Task directions
Return each record unchanged and drop the images.

Data provided

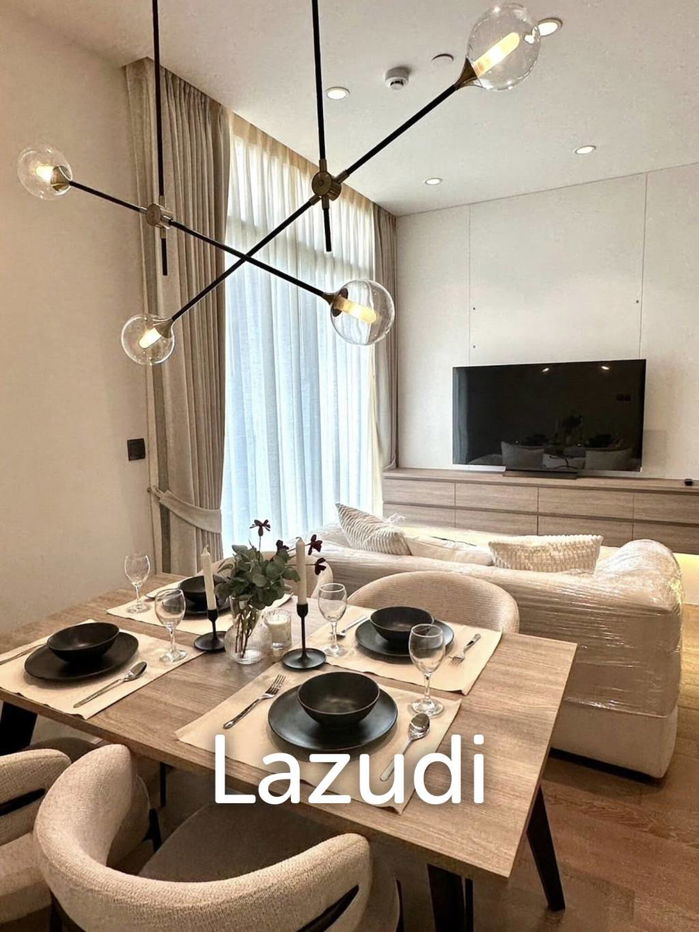 รูป 2  Bedroom  2 Bathroom 63 SQ.M MUNIQ Sukhumvit 23 - รูปที่ 1/21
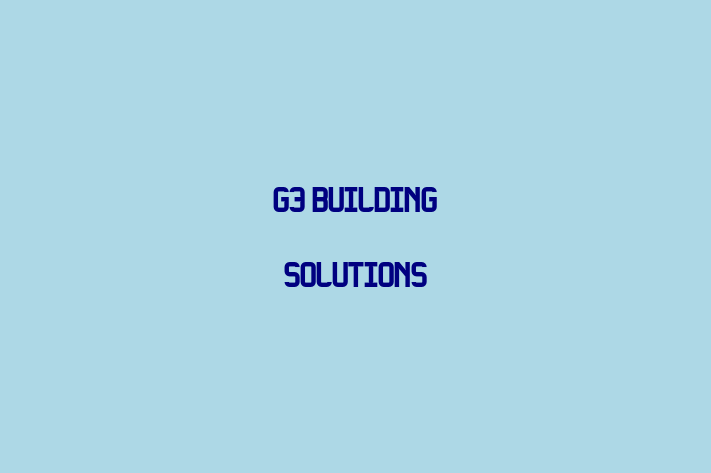 G3 Building Solutions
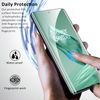 uShield 2+2 Pack for OnePlus 12 Screen Protector [6.82 inch], Camera Lens Protector, Case Friendly, Fingerprint Unlock, Special Light Irradiation Device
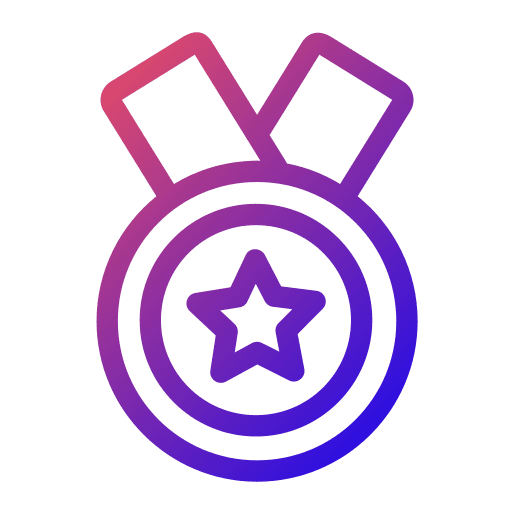 Medal award quality winner icon Medal award quality winner icon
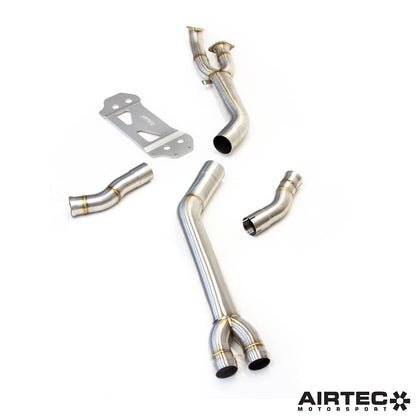 AIRTEC Motorsport 3.5”  Secondary Cat Bypass for BMW G80 M3 and G82 M4 - TMC Motorsport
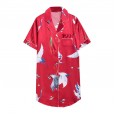 Pajamas silk pajamas ladies spring and summer sexy nightdress pajamas home service SQ1111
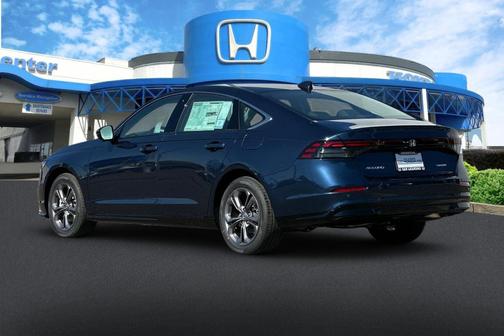 Canyon River Blue Metallic 2026 Honda Accord Hybrid EX-L
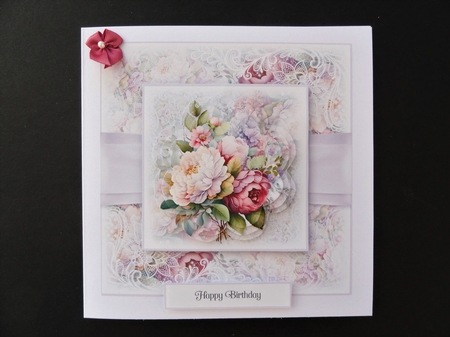Bouquet and Butterflies No.5 by Valerie Spowart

Answer space
 รูป 2  Bedroom  2 Bathroom 63 SQ.M MUNIQ Sukhumvit 23 - รูปที่ 1/21
 G3 Building Solutions
 uShield 2+2 Pack for OnePlus 12 Screen Protector [6.82 inch], Camera Lens Protector, Case Friendly, Fingerprint Unlock, Special Light Irradiation Device
 Medal award quality winner icon Medal award quality winner icon
 AIRTEC Motorsport 3.5”  Secondary Cat Bypass for BMW G80 M3 and G82 M4 - TMC Motorsport
 Pajamas silk pajamas ladies spring and summer sexy nightdress pajamas home service SQ1111
 Canyon River Blue Metallic 2026 Honda Accord Hybrid EX-L
Bouquet and Butterflies No.5 by Valerie Spowart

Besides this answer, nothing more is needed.